Отныне Сталин провозгласил конец нэпа и отмену рыночной экономики. Прослеживая взгляды Троцкого на более ранней стадии, мы замечаем, что в них «не было места для какой-либо внезапной отмены нэпа, для директивного запрета частной торговли…» и что социалистическое планирование «не может отменить нэп одним махом, а должно развиваться внутри смешанной экономики, пока социалистический сектор своим растущим превосходством постепенно не поглотит, трансформирует или ликвидирует частный сектор и перерастет рамки нэпа». Троцкий все еще придерживался этих взглядов. Он считал отмену нэпа домыслом бюрократических мозгов — только бюрократия, которая за долгий период пренебрежения индустриализацией и неверного подхода к крестьянству не сумела справиться с силами рыночной экономики и позволила им выйти из-под контроля, может пытаться объявить декретом, что рынок не существует. Но «выброшенный в дверь рынок может вернуться через окно», — говорил Троцкий. Пока сельское хозяйство не обобщено органически и устойчиво, а вокруг царит поголовный дефицит товаров, невозможно упразднить свободное действие спроса и предложения и заменить это плановым распределением товаров. Спонтанное давление рынка вначале совершит прорыв в сельском хозяйстве, потом в тех отраслях, где аграрное хозяйство и индустрия перекрываются, и, наконец, даже в национализированном секторе экономики, где оно часто нарушает и искажает планы. Наглядное свидетельство этого, особенно в начале 30-х годов, — в хаосе государственных и рыночных цен на потребительские товары, в фантастическом размахе черного рынка, в девальвации рубля и в крутом падении покупательной способности. Составители планов работали «без линейки и весов», не имея возможности установить истинные стоимости и расходы и оценить производительность труда. «Вернитесь к линейке и весам» — так Троцкий постоянно советовал. Вместо того чтобы заявлять, что воздействие рынка преодолено, плановикам было бы лучше признать его влияние, учесть его и постараться взять его под контроль. Даже в последующие годы, после того как была повержена разбушевавшаяся инфляция начала 30-х годов, эти критические высказывания сохранили свою важность; и тут также многое из того, что говорили советские экономисты в первые годы после Сталина о важности системы измерений стоимостей и отчетности в расходах, звучало эхом аргументов Троцкого.

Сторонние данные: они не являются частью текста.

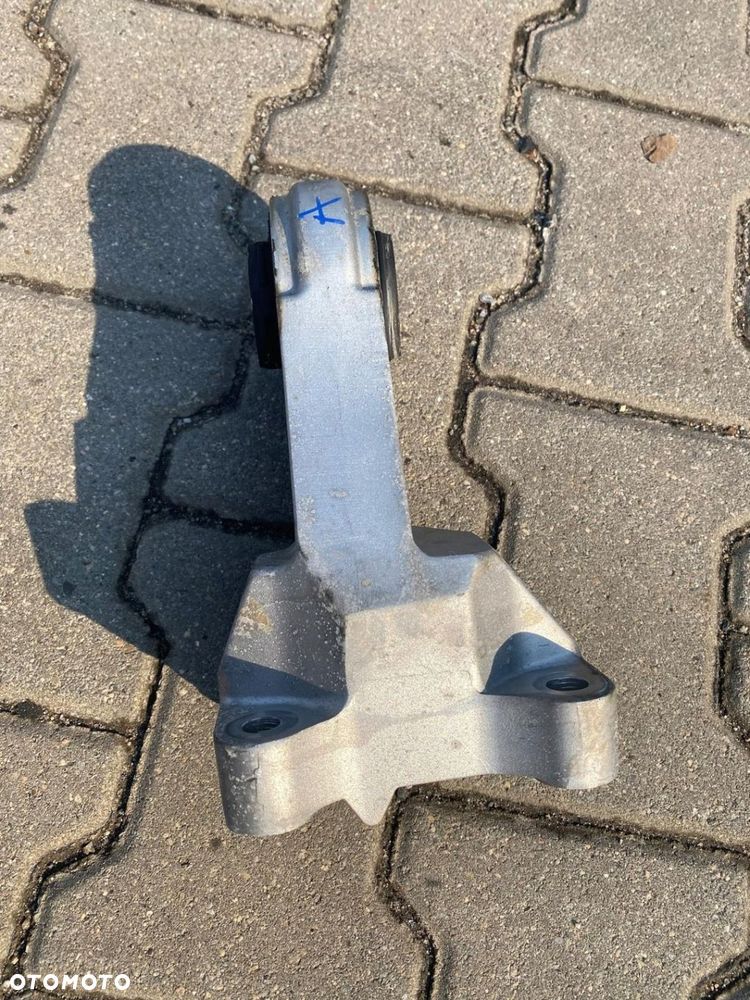 PODUSZKA SILNIKA RENAULT MASTER 10- NT RH 2.3DCI ORG 113757025R - 2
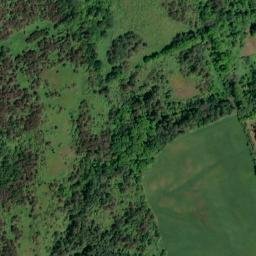 Satellite imagery of Oak Hill, CA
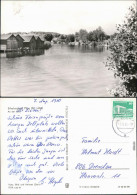 Ansichtskarte Plau (am See) An Der Elde 1978 - Plau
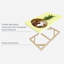 Pineapple Disco Ball sur toile-1375363440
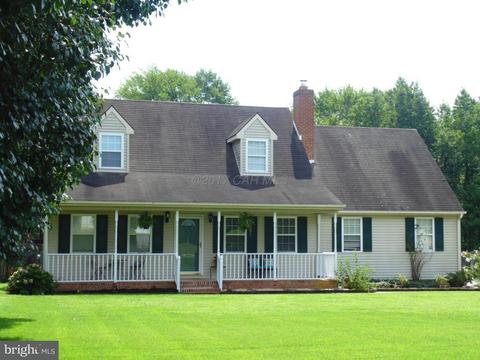 7601 Pondview Rd, Hebron, MD 21830 photo 1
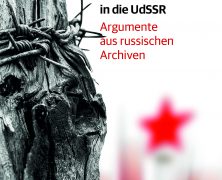 Russisches Archivgut erschlossen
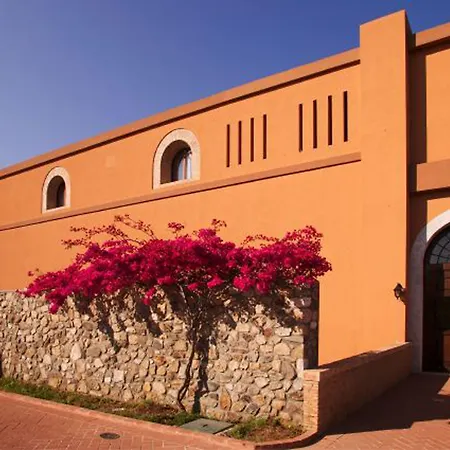 Altafiumara & 4* Villa San Giovanni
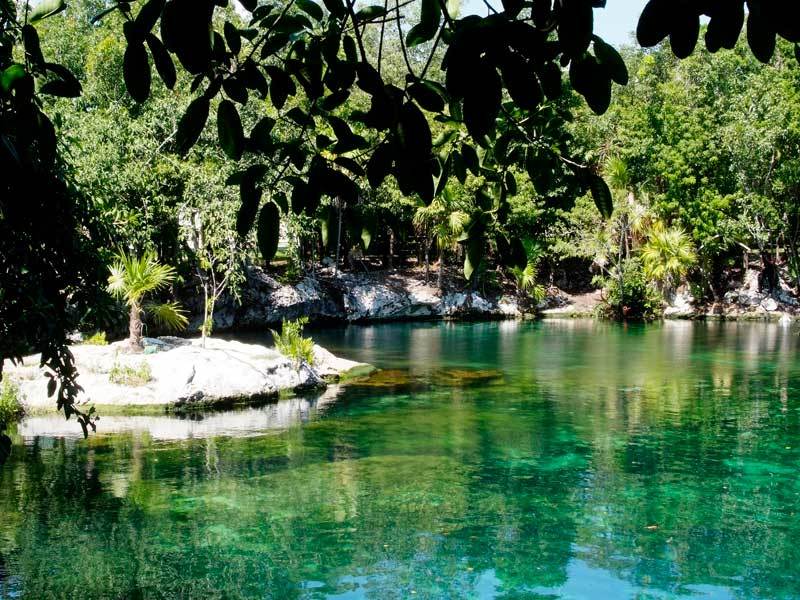 Sandos Caracol Eco Resort & Water Park (Adults Only) Resort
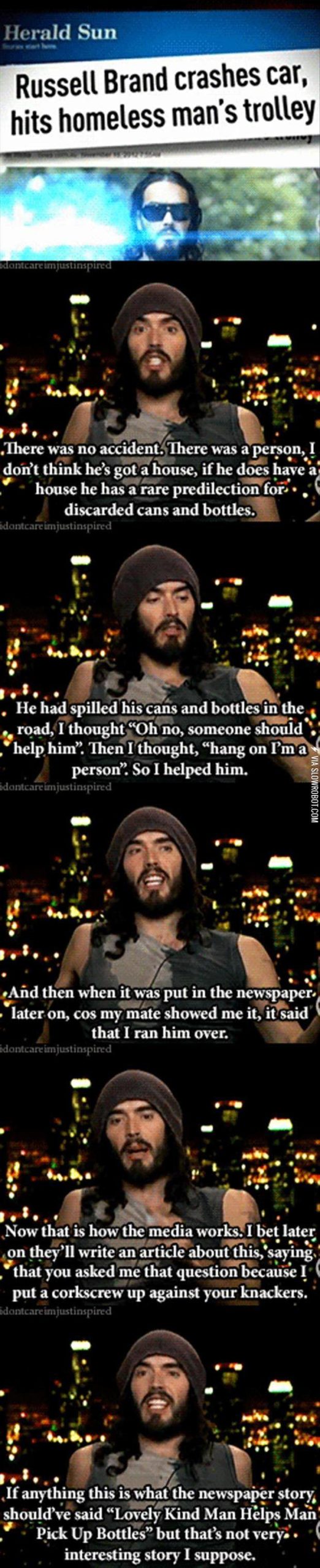 Russell+Brand+on+the+media.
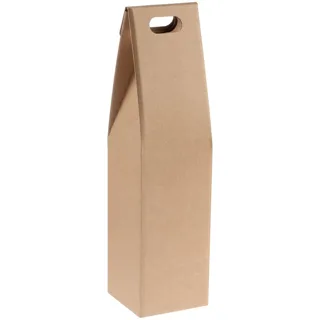 Коробка для бутылки Vinci — фото 1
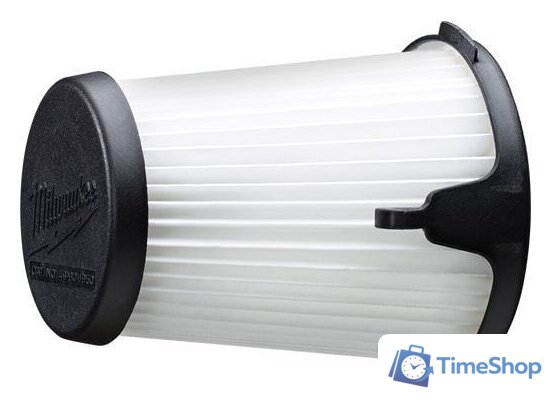 Пылесос Milwaukee M12HV-0 - Изображение №4 — Интернет-магазин Time-Shop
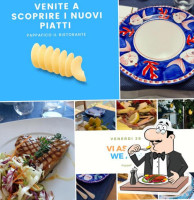 Pappafico Il food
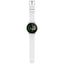 Amazfit アマズフィット Active 3 premium スマートウォッチ SP170082-C249 通話対応 エアロホワイト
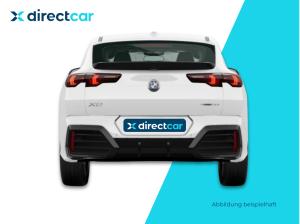BMW X2 BMW X2 20i M Sportpaket ❗️ Sofort verfügbar ❗️bis zu 4.000 km/Monat❗️6 Monate-Fullservice ✅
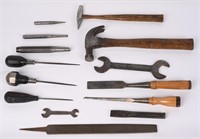 WINCHESTER TOOL COLLECTION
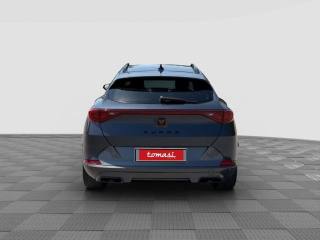 CUPRA Formentor usata 3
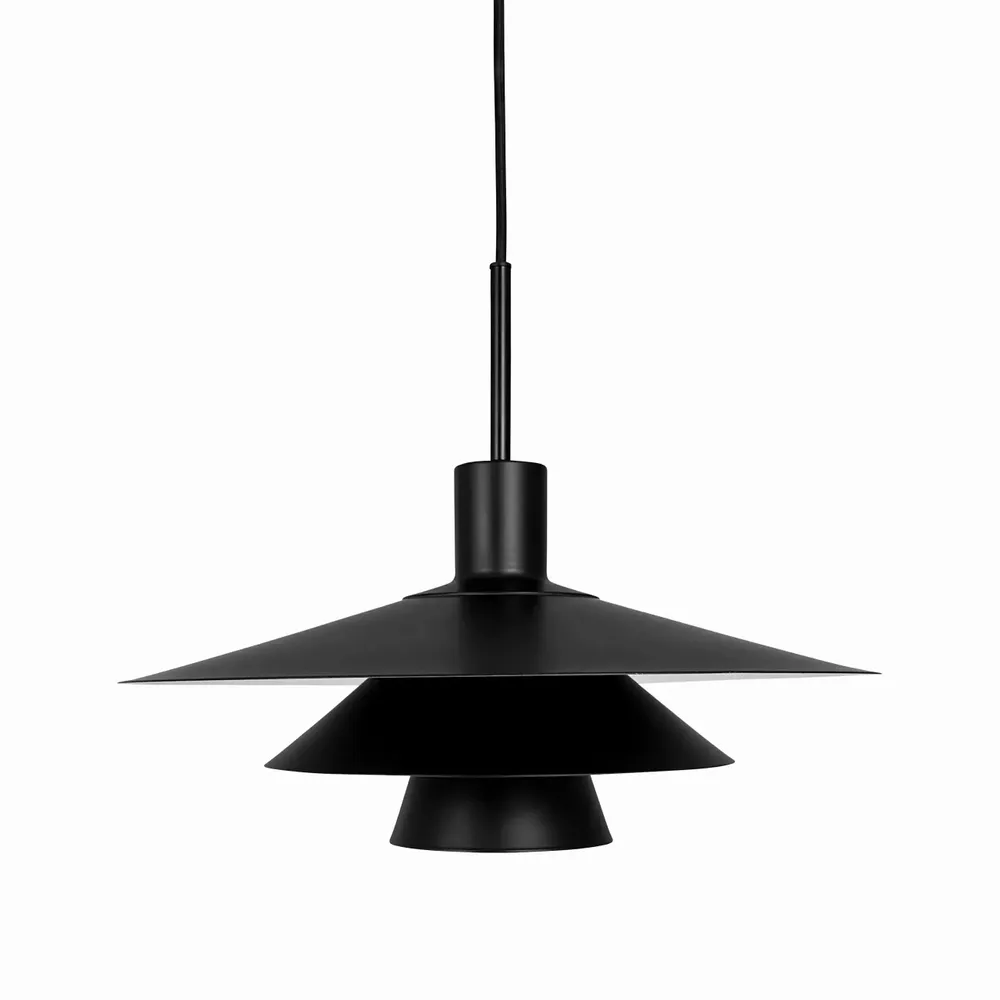 Suspensions - KAY Suspension D40 noir - DYBERG LARSEN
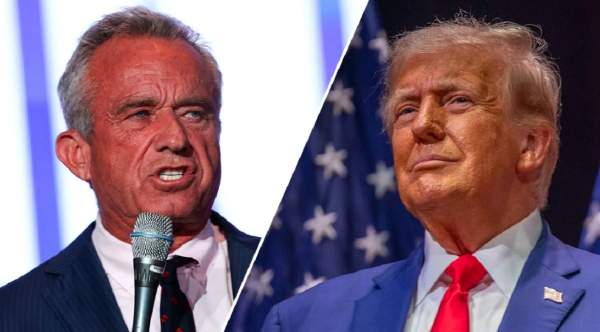 CODE RED: Trump Administration SHUTS DOWN Annual COVID Vaccines for the Healthy and Young! The Final Nail in Big Pharma’s Coffin — The Pandemic Lie Collapses in Broad Daylight - amg-news.com - American Media Group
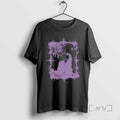 Officials Paleface Swiss Cyber Circle Black T-Shirts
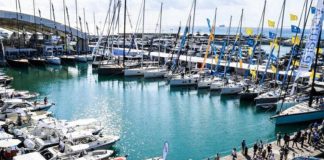 Nautica, il rapporto: “Per Italia +4,7% economia mare”
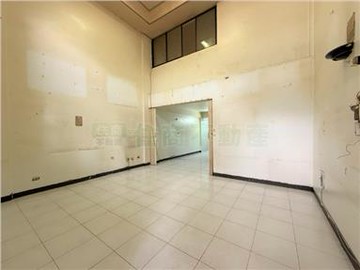 近大灣重劃區方正低總價車墅｜台南市永康區永華路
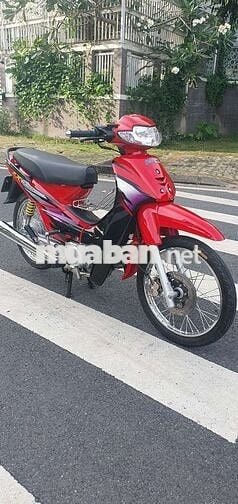 Future up wave zx Xe don moi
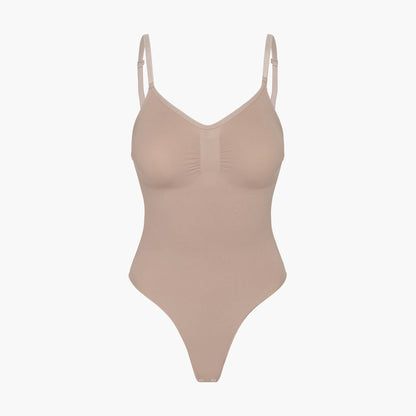 Shape Essentials: Tanga & Slip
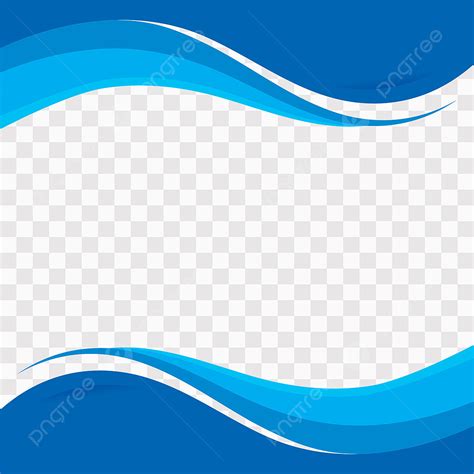 Blue Abstract Line Vector Art PNG, Abstract Blue Background, Abstract ...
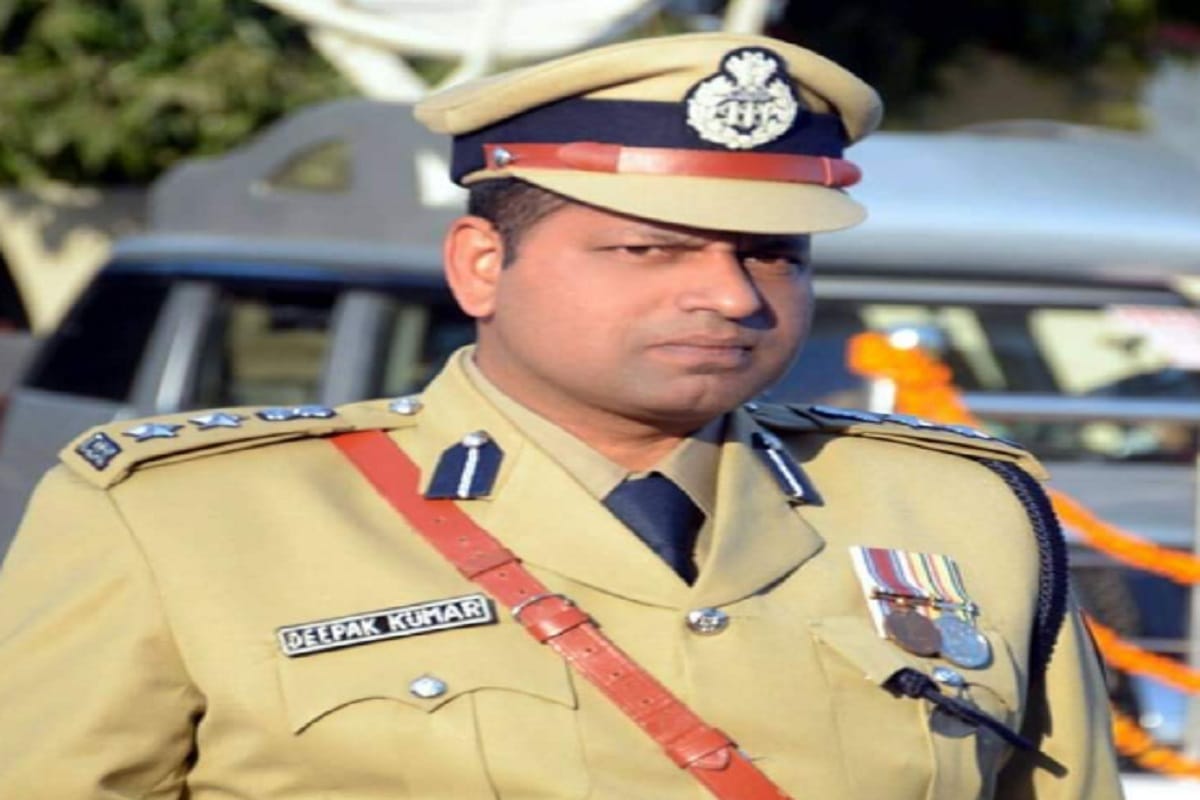 The soldier is accused and now INSAS rifle is recovered from PAC command house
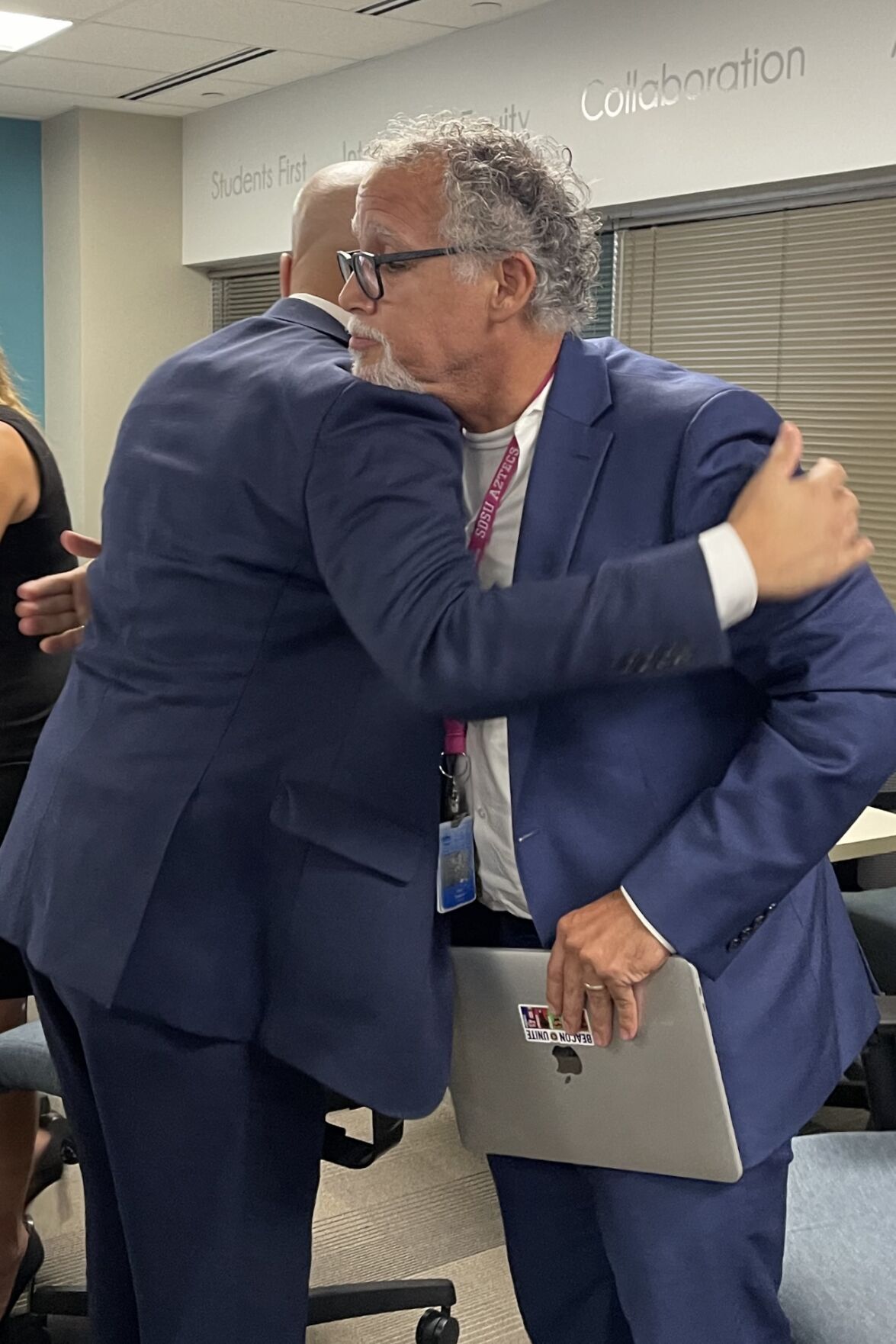 Denver’s school leaders reach compromise with Beacon iZone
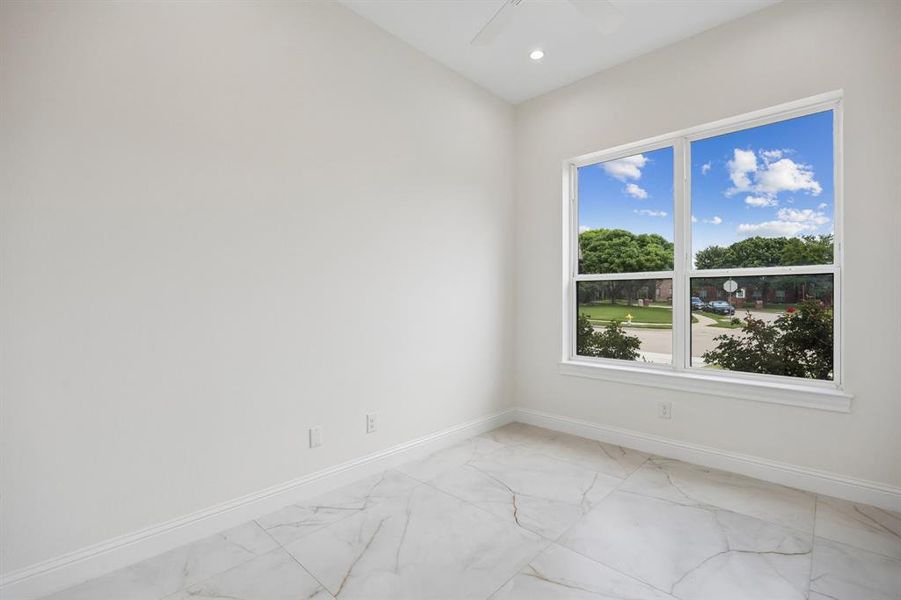 Spacious, unfurnished interior of a new home in , Frisco (Image 30). Spacious, unfurnished interior of a new home in , Frisco (Image 30).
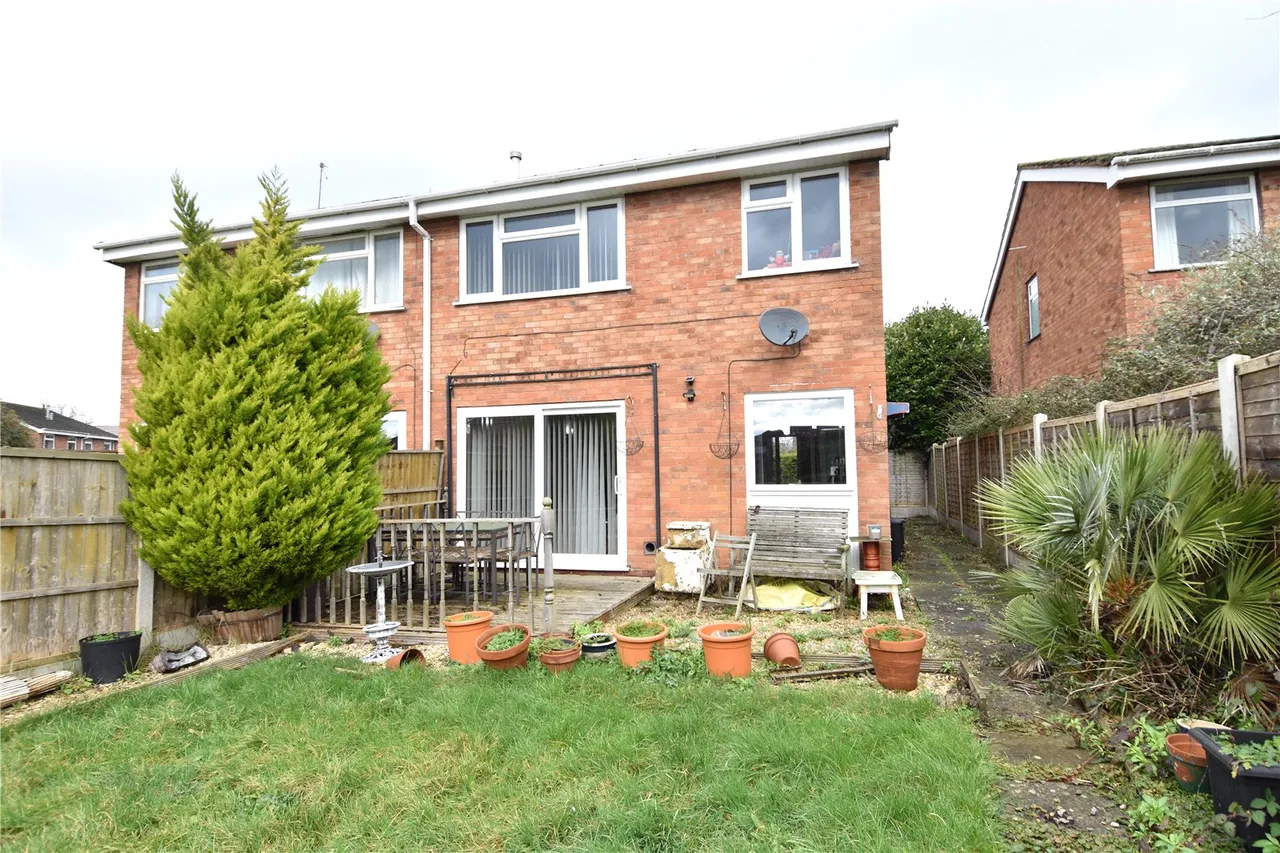 Hawthorne Walk, Droitwich, Worcestershire, WR9 7BA, photo 18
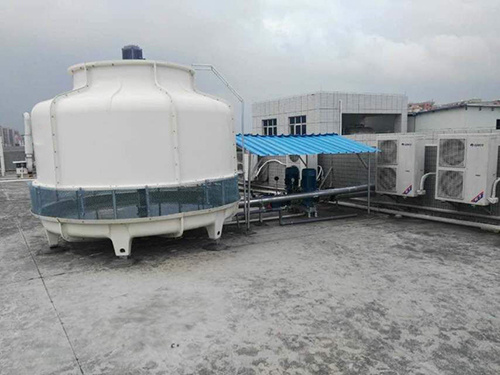 冷卻塔電機(jī)價(jià)格因素分析,如何選擇高質(zhì)量電機(jī)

Сталинская ширма секретности над экономической информацией затеняла и другие важные вопросы. Кто платит за индустриализацию, какой общественный класс и сколько? Какие классы и группы от этого выигрывают и до какой степени? В начале 20-х годов лидеры оппозиции, особенно Преображенский, утверждали, что крестьянство будет обязано в большой степени внести вклад в фонд капиталовложений в национализированную промышленность. Сталин через коллективизацию надеялся гарантировать этот вклад со стороны крестьянства путем повышения производства сельхозпродукции и снабжения продовольствием и сырьем. Но крестьянство расстроило его планы. «Пусть моя душа пропадет вместе с комиссарами!» — так кричал мелкий собственник, покидая свое хозяйство. И хотя ему не удавалось разрушить опоры коллективистского государства, он отказывался сдать стране ту большую часть средств на индустриализацию, которая от него ожидалась. Вот к чему на практике привело уничтожение скота и падение производства.